Re: [PATCH] Incremental sort (was: PoC: Partial sort) - Mailing list pgsql-hackers

From Tomas Vondra
Subject Re: [PATCH] Incremental sort (was: PoC: Partial sort)
Date
Msg-id 20200405130110.2bdxaz4ed5jx2eae@development
Whole thread Raw
In response to Re: [PATCH] Incremental sort (was: PoC: Partial sort)  (James Coleman <jtc331@gmail.com>)
Responses Re: [PATCH] Incremental sort (was: PoC: Partial sort)
Re: [PATCH] Incremental sort (was: PoC: Partial sort)
List pgsql-hackers
On Thu, Apr 02, 2020 at 09:40:45PM -0400, James Coleman wrote:
>On Thu, Apr 2, 2020 at 8:46 PM James Coleman <jtc331@gmail.com> wrote:
>>
>> On Thu, Apr 2, 2020 at 8:20 PM Tomas Vondra
>> <tomas.vondra@2ndquadrant.com> wrote:
>> > ...
>> > 5) Overall, I think the costing is OK. I'm sure we'll find cases that
>> > will need improvements, but that's fine. However, we now have
>> >
>> > - cost_tuplesort (used to be cost_sort)
>> > - cost_full_sort
>> > - cost_incremental_sort
>> > - cost_sort
>> >
>> > I find it a bit confusing that we have cost_sort and cost_full_sort. Why
>> > don't we just keep using the dummy path in label_sort_with_costsize?
>> > That seems to be the only external caller outside costsize.c.
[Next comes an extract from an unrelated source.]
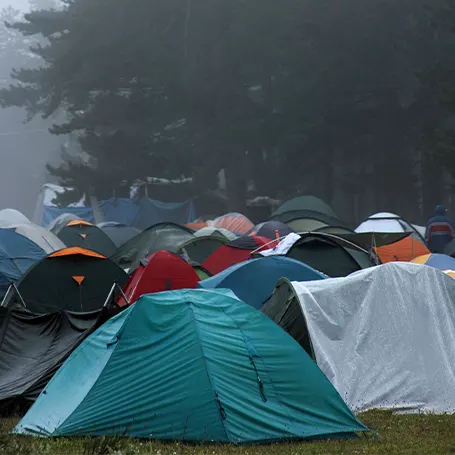 Et billede af en regnfuld campingplads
Then we
>> > could either make cost_full_sort static or get rid of it entirely.
>>
>> This another area of the patch I haven't really modified.
>
>See attached for a cleanup of this; it removed cost_fullsort so
>label_sort_with_costsize is back to how it was.
>
>I've directly merged this into the patch series; if you'd like to see
>the diff I can send that along.
>

Thanks. Attached is v54 of the patch, with some minor changes. The main
two changes are in add_partial_path_precheck(), firstly to also consider
startup_cost, as discussed before. The second change (in 0003) is a bit
of an experiment to make add_partial_precheck() cheaper by only calling
compare_pathkeys after checking the costs first (which should be cheaper
than the function call). add_path_precheck already does it in that order
anyway.

I noticed is that compare_path_costs_fuzzily and add_path_precheck both
check consider_startup/consider_param_startup to decide whether to look
at startup_cost. add_partial_path_precheck probably should od that too.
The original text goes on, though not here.